Below this line are records; transcribe exactly the lines between the one holding "You want to press" and the one holding "Flexible and cuttable", inclusive, and omit the pictures.

Records from a collection:
━━━━━━━━━━━━━━━━
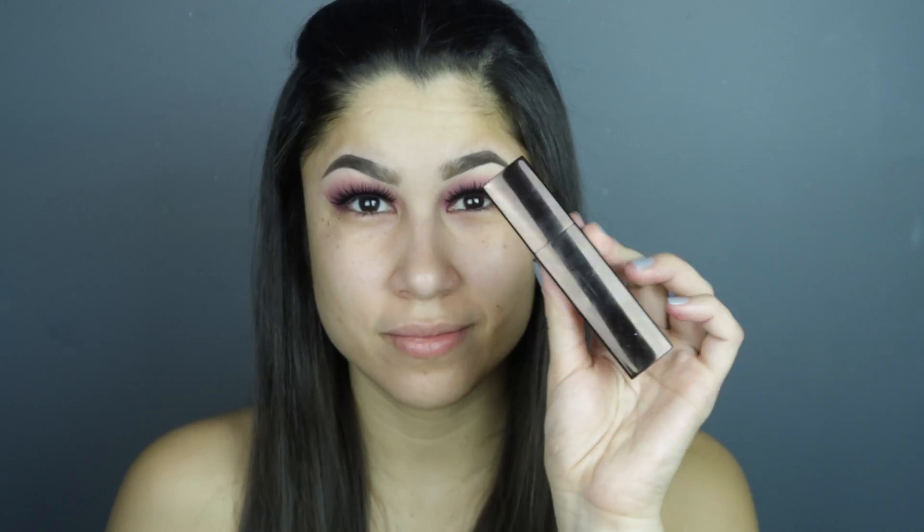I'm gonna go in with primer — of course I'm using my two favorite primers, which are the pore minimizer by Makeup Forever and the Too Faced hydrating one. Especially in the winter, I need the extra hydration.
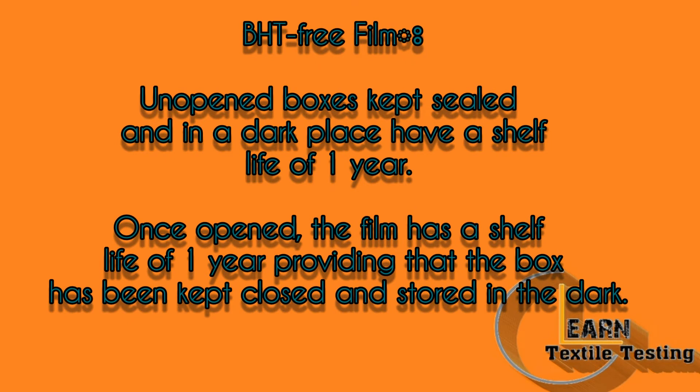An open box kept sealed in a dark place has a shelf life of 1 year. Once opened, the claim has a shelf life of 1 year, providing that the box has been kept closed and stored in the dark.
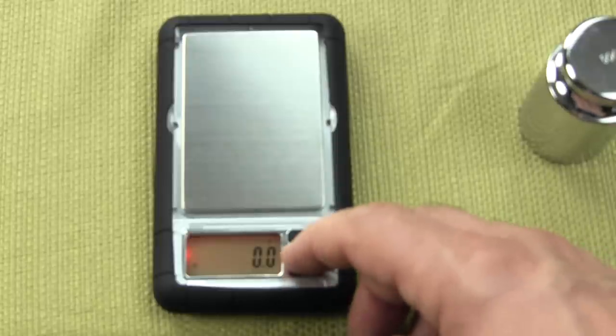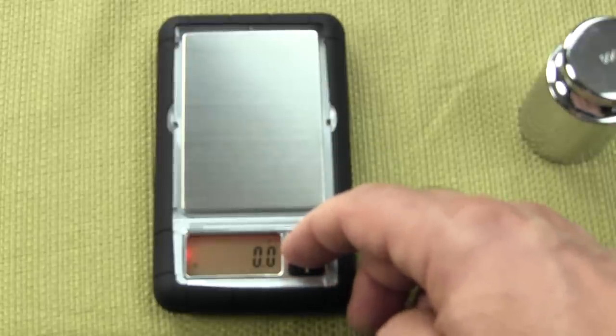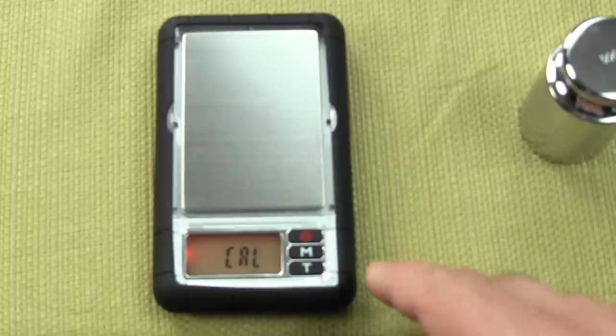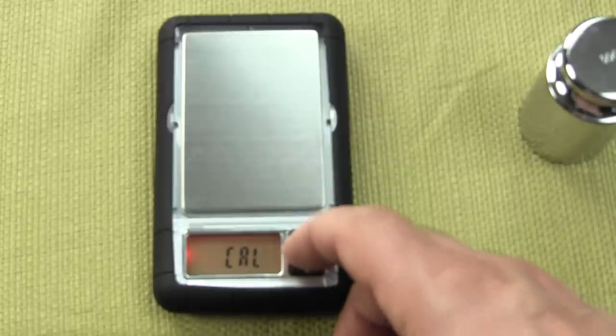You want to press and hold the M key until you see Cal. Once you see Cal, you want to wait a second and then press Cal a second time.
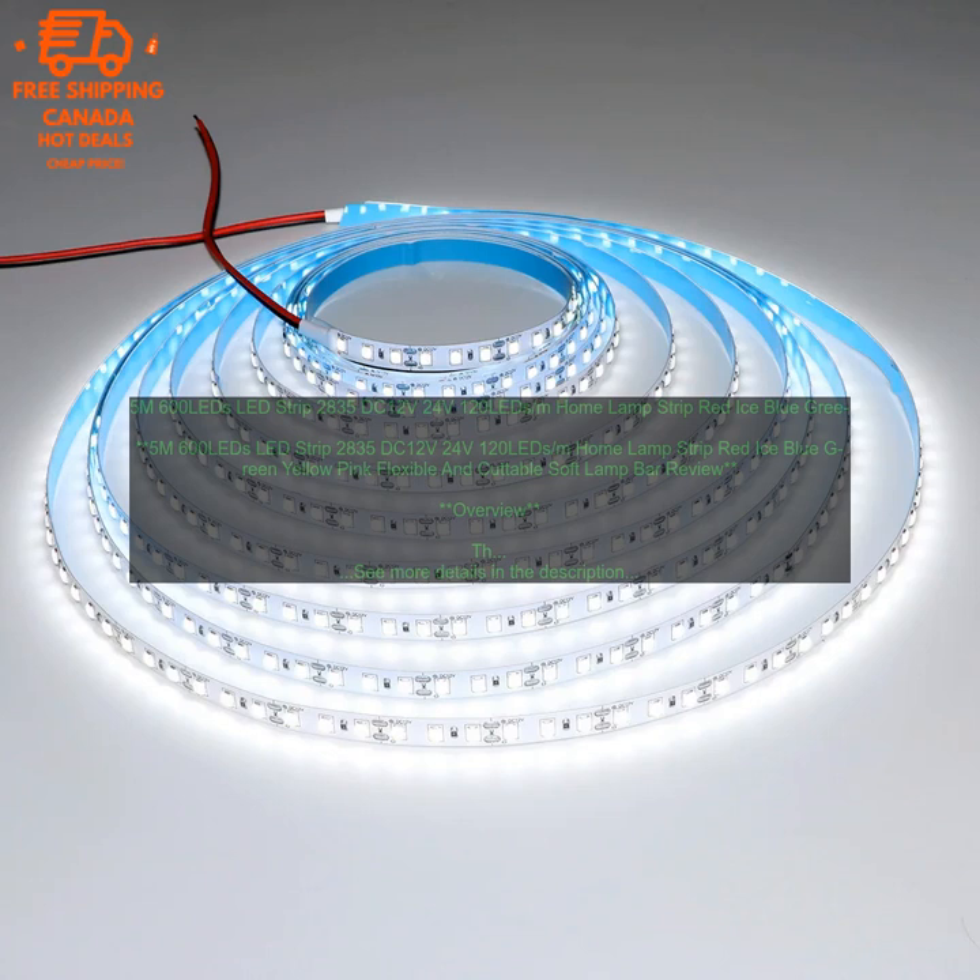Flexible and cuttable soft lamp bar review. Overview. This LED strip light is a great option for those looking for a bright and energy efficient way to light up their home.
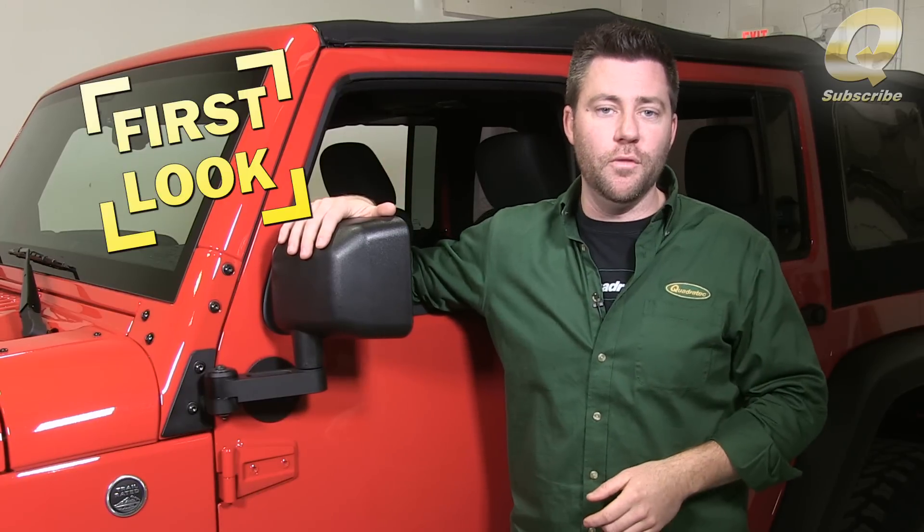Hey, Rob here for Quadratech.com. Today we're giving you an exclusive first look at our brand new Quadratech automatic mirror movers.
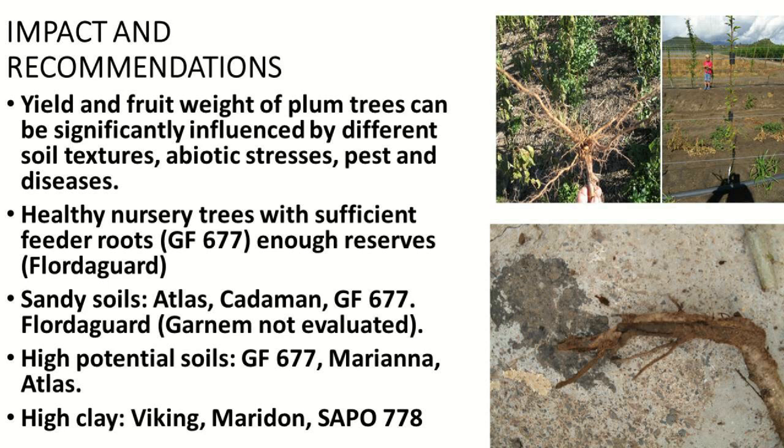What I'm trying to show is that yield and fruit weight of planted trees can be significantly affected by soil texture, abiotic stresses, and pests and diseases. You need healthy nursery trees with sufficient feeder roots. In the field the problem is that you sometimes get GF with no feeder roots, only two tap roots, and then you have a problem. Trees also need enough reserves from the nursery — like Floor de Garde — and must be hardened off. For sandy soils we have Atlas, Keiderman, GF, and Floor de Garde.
━━━━━━━━━━━━━━━━
Your solution =
You want to press and hold the M key until you see Cal. Once you see Cal, you want to wait a second and then press Cal a second time.
Flexible and cuttable soft lamp bar review. Overview. This LED strip light is a great option for those looking for a bright and energy efficient way to light up their home.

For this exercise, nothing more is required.